ADR 002: Intraday Refresh Patterns

Status: Proposed Date: 2025-12-09 Context: Condé Nast Sprout Social pipeline design


Problem Statement

How should we handle multiple daily refreshes (intraday patterns) for APIs that return updated records within a time window?

Specific Requirements: - Condé Nast needs 2 refreshes daily (8 AM EST and 5 PM EST) - Sprout API returns messages created/updated within time window - Need to avoid data loss during transition periods - Future clients may need 4x/day (every 6 hours) or hourly patterns


Decision

Use separate DAGs with overlapping time windows and idempotent deduplication in Snowflake.

Pattern Structure

Refresh N: (Previous end - overlap) → (Current start - buffer)
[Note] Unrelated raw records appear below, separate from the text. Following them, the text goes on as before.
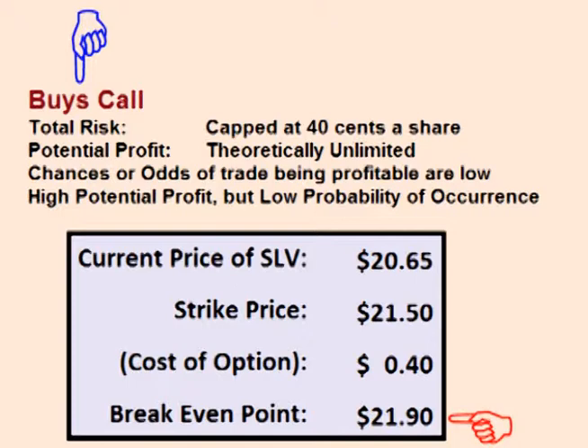This trader is hoping that the volatility over the next month is enough that price moves above $21.90 faster than the time runs out for the option. The current price of SLV is $20.65, so the odds or chances of this occurring are not very good, which is why the option only costs $0.40.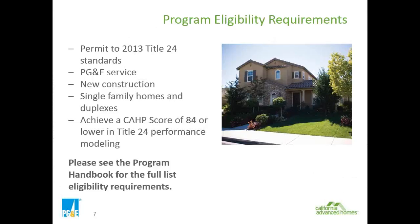First, program eligibility requirements. The program is designed for performance-based compliance with the 2013 Title 24 standards. While CAP is a program that all of the IOUs in California use, we are focusing, as Shannon mentioned, on the PG&E specific territory processes.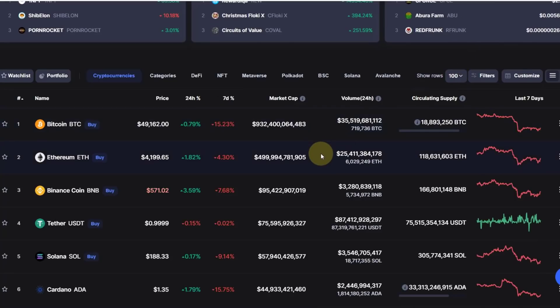Hello and welcome to another update video about Cardano and Bitcoin. In this video we're going to take a look at both charts, and I want to go into a little bit more detail about where we are currently on the Bitcoin chart.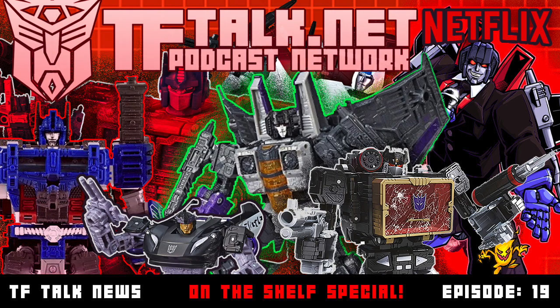You are listening to TFTalk News, part of the TFTalk network of podcasts and live streams, where we give you the most relevant current stories in your fandom and more, all within 30 quick minutes or less. I'm your host, Mr. Starscream, and I'll be your guide to everything worth talking about that transformed since last episode.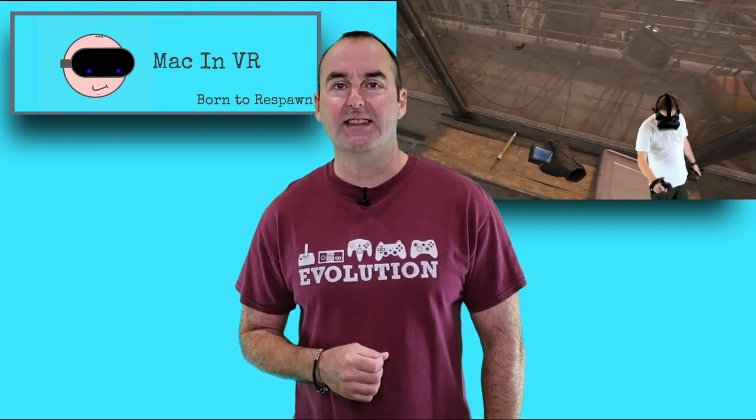This is my mate Simon. He wanted to go with my Valve Index — thousands and thousands of pounds worth of high-tech gear — and what is the first thing he does?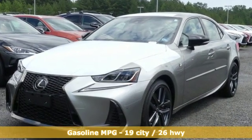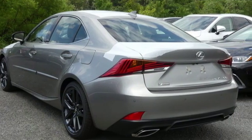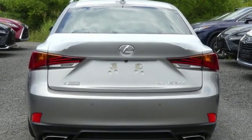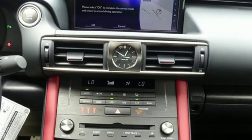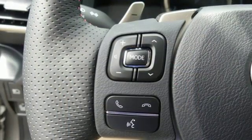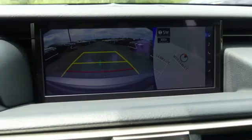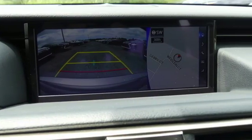Smart device navigation, dual zone climate control, doors and push button start proximity key, power sliding and tilting sunroof, V6 engine, gas pressurized shocks, streaming audio, front heated bucket seats, 4-wheel drive, auto dimming rear view mirror and power heated mirrors.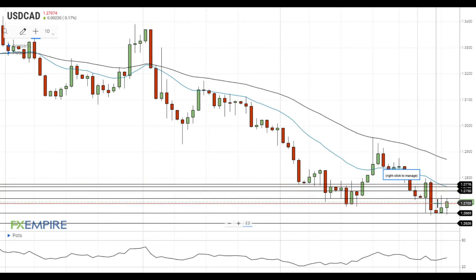On the support side, a move below 1.27 will push the pair towards the support at 1.2665. If the pair declines below this level, it will head towards the next support at 1.2625.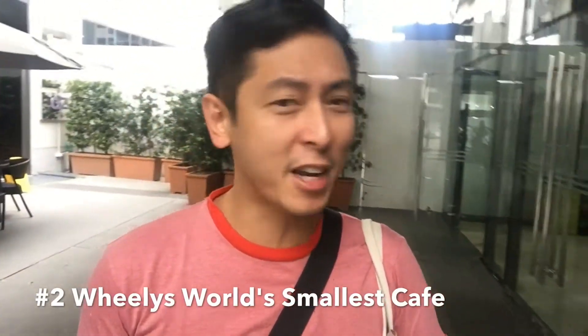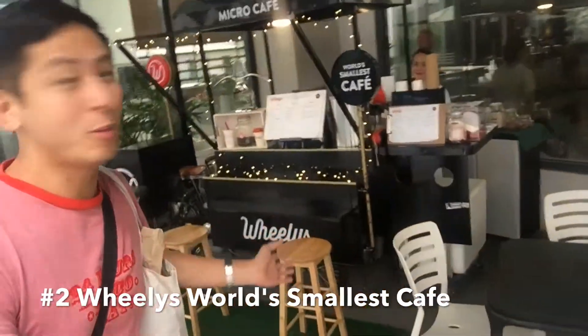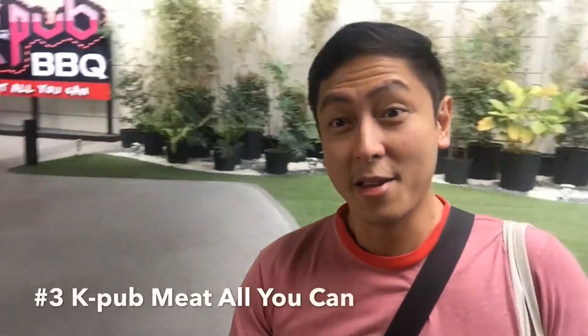There's what they call the world's smallest cafe — Micro Café. Check out this place. And they also have K-Pub here now. Look at this place — K-Pub.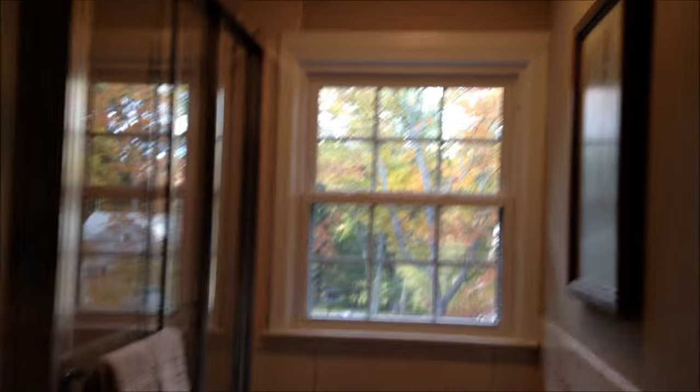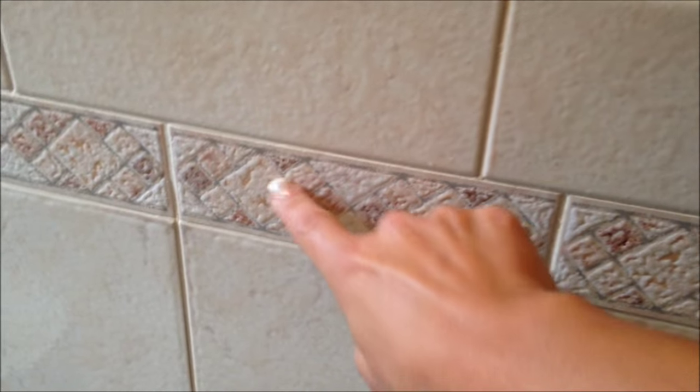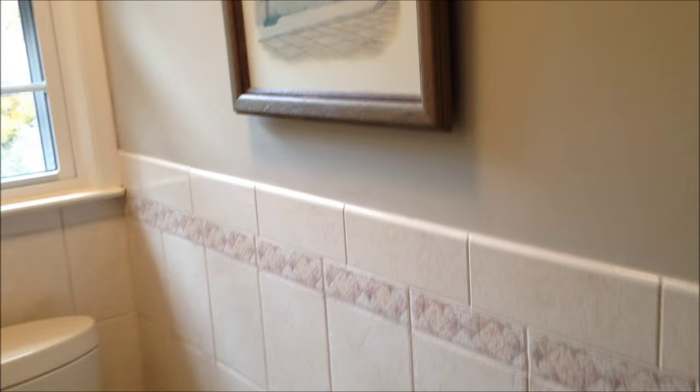This bathroom — I think all they did was paint in here. I think this is existing tile, which I figured was fine — it's something we had to work with. See the pink? Pink is not a good thing, okay? But when you go with the taupe, it tends to tone down the pink. It's pretty good — nice and neutral.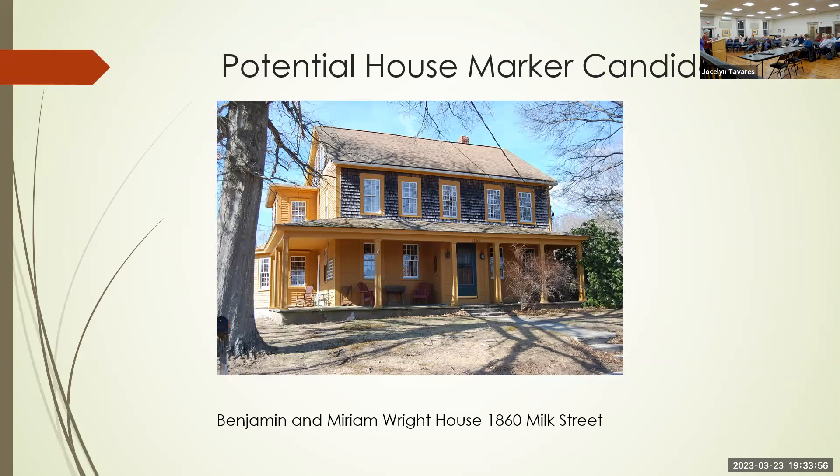This house was always a two-family until I bought it. The first tenant in this house, which gives it great prominence, is the Reverend Ezra Stiles — he's a minister in town.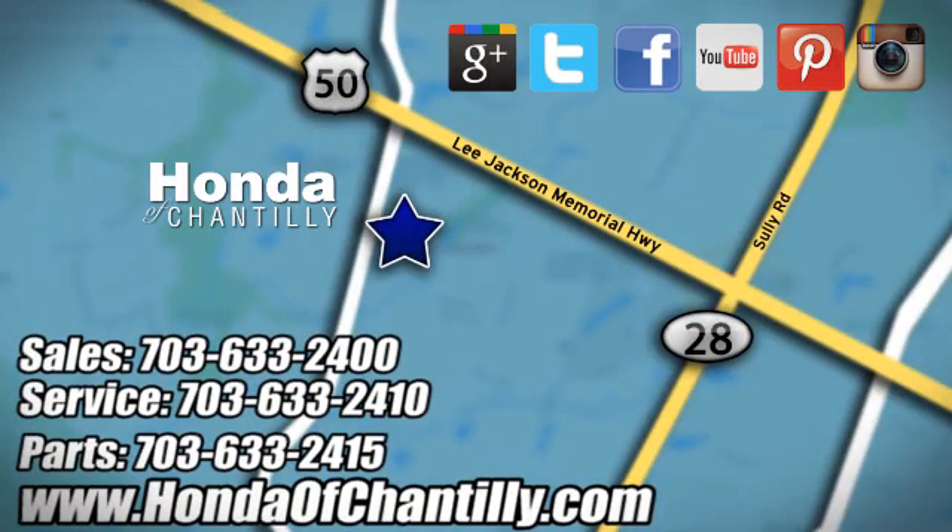Honda of Chantilly. We are conveniently located just south of Dulles Airport at 4175 Stonecroft Boulevard in Chantilly.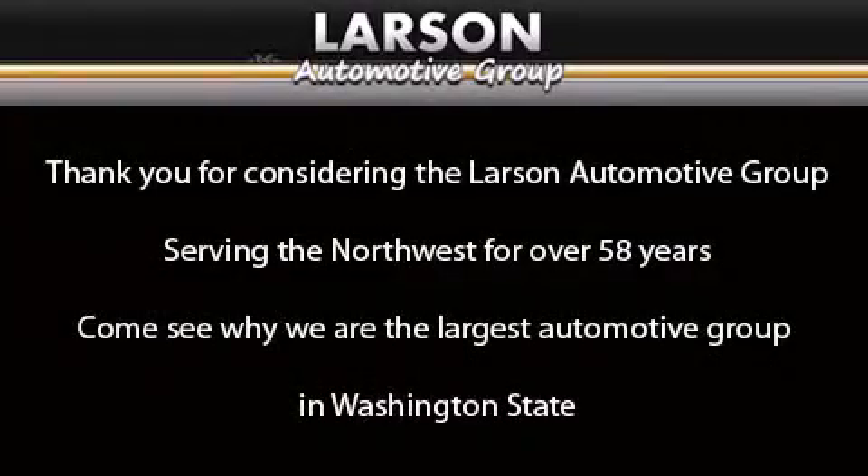Thank you for considering the Larson Automotive Group, serving the Northwest for over 58 years. Come see why we are the largest automotive group in Washington State.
Morning DAG:  Yesterday 16:30 → Today 07:30 (15h overlap at start)
Evening DAG:  Today 07:00 → Today 16:30 (30min overlap at start)

Key Principles

  1. Overlapping Windows: 30-minute overlap between consecutive refreshes
  2. Buffers: 30-minute buffer before each run time to avoid incomplete data
  3. Separate DAGs: One DAG per refresh time (not branching within single DAG)
  4. Idempotent Loads: Snowflake MERGE on unique key handles duplicates

Options Considered

Option 1: Separate DAGs with Overlapping Windows ✅ SELECTED

Implementation:

# condenast_sprout_morning_refresh_dag.py
@dag(schedule="0 8 * * 1-5", catchup=False)
def condenast_sprout_morning_refresh():
    """Morning: Yesterday 4:30 PM → Today 7:30 AM"""

# condenast_sprout_evening_refresh_dag.py
@dag(schedule="0 17 * * 1-5", catchup=False)
def condenast_sprout_evening_refresh():
    """Evening: Today 7:00 AM → Today 4:30 PM"""

Pros: - ✅ Clear separation - easy to monitor each refresh independently - ✅ Simple to understand - explicit time windows - ✅ Easy to modify one refresh without affecting the other - ✅ No complex branching logic - ✅ Independent SLAs and alerting per refresh - ✅ Scales to N refreshes (just add more DAGs)

Cons: - ❌ Code duplication (minimal - shared tasks in xo-foundry) - ❌ Multiple DAGs to maintain (but clear ownership)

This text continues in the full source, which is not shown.